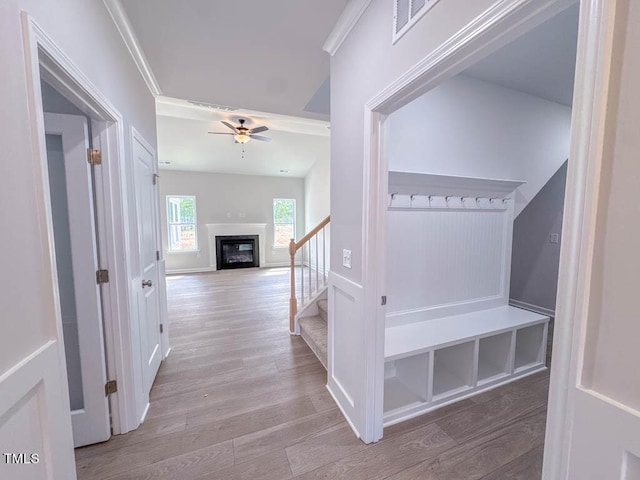 corridor featuring ornamental molding and light hardwood / wood-style flooring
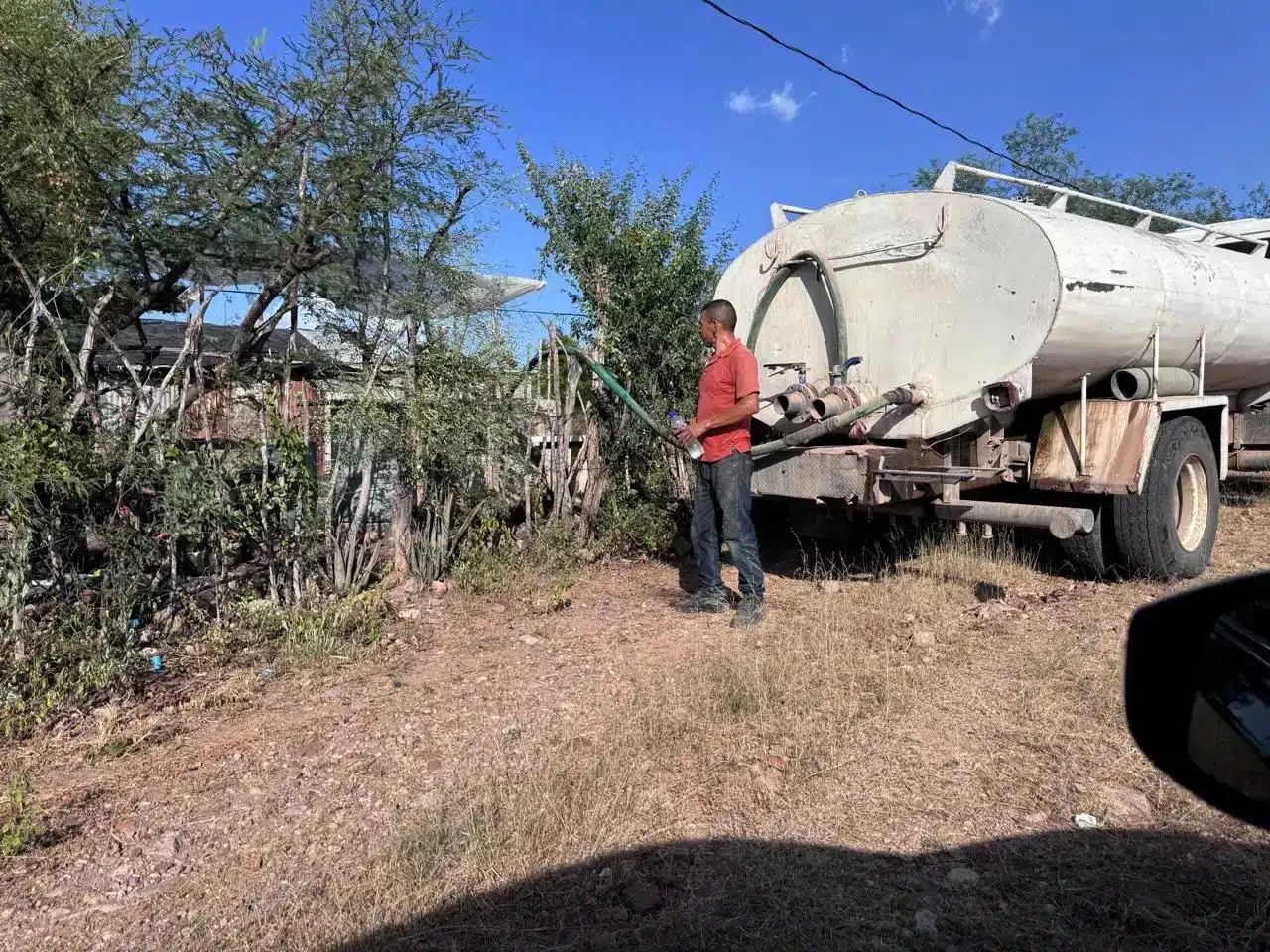 Un hombre junto a una pipa distribuidora de agua potable.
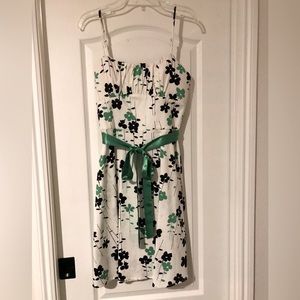 White, green, and black sundress with green sash. Size 10.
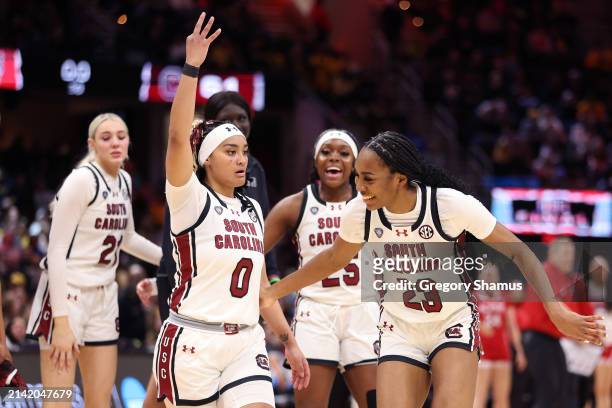 Te-Hina Paopao and Bree Hall of the South Carolina Gamecocks react after a three point basket in the second half during the NCAA Women's Basketball...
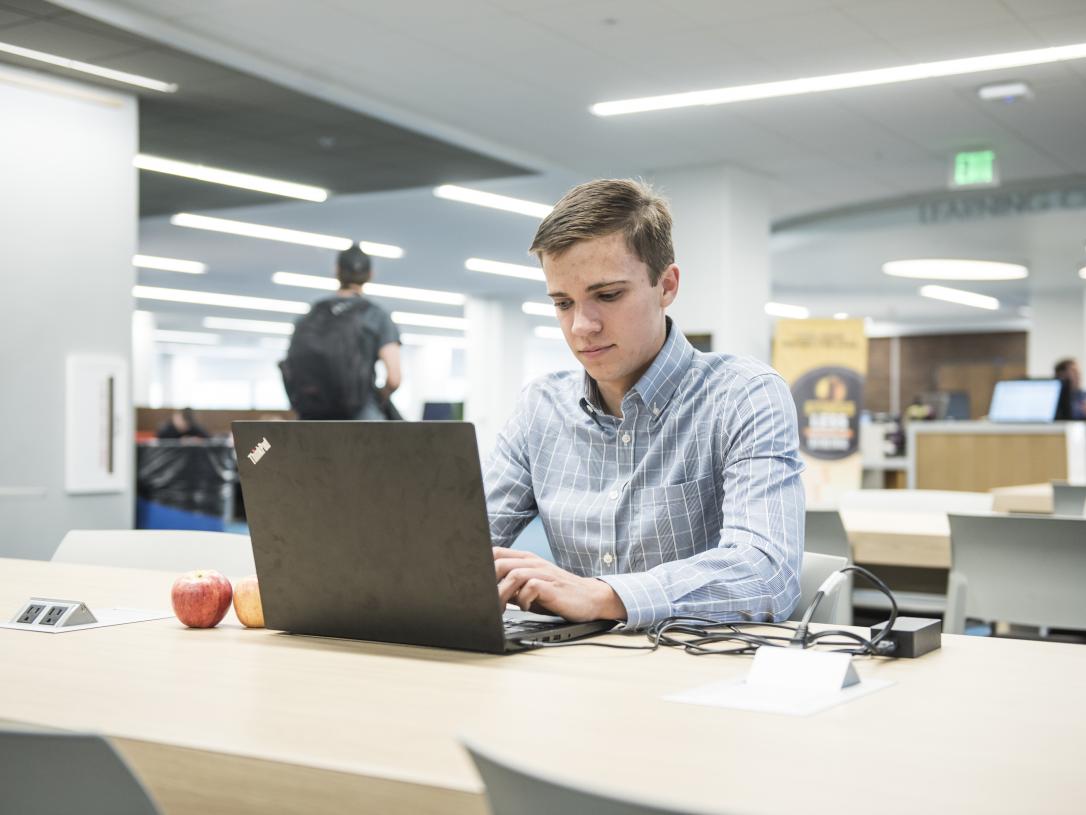 Student studying his class notes.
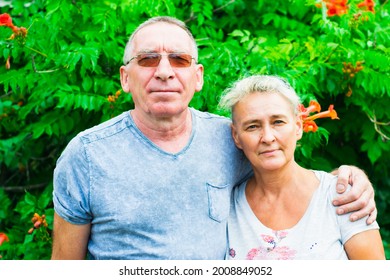Romantic Couple Smiling And Hugging On A Sunny Day. The Age Of The Man Is 60 Years Old. The Woman Is 55 Years Old. Mother And Father. 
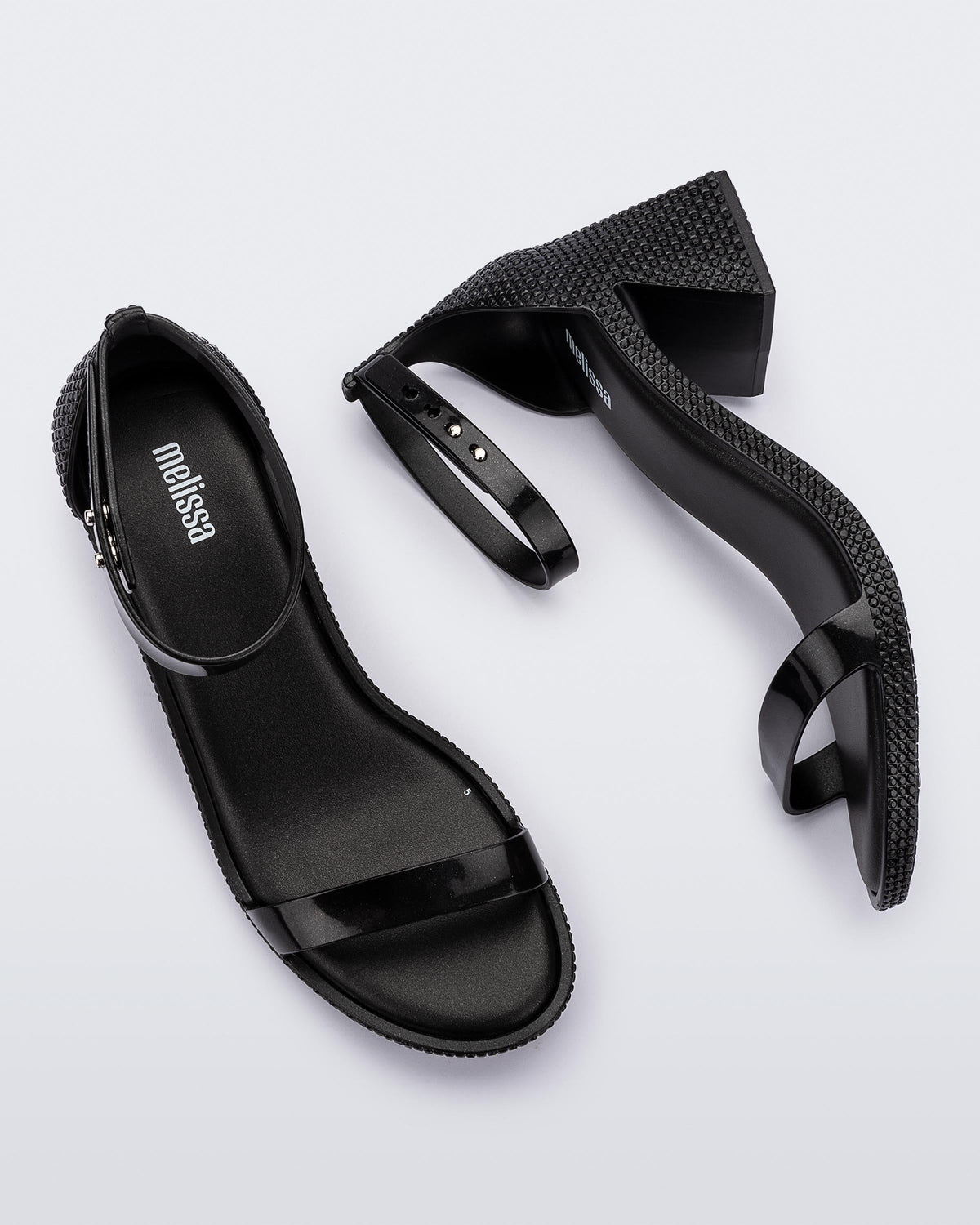 Top and side view of a pair of metallic black Lux Heels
* * *
Beginning with the line containing "Te-Hina Paopao and" and ending with the last line of the data above, repeat each line exactly. Include no pictures and no other lines.

### YOUR RESPONSE:
 Te-Hina Paopao and Bree Hall of the South Carolina Gamecocks react after a three point basket in the second half during the NCAA Women's Basketball...
 Student studying his class notes.
Romantic Couple Smiling And Hugging On A Sunny Day. The Age Of The Man Is 60 Years Old. The Woman Is 55 Years Old. Mother And Father. 
 Top and side view of a pair of metallic black Lux Heels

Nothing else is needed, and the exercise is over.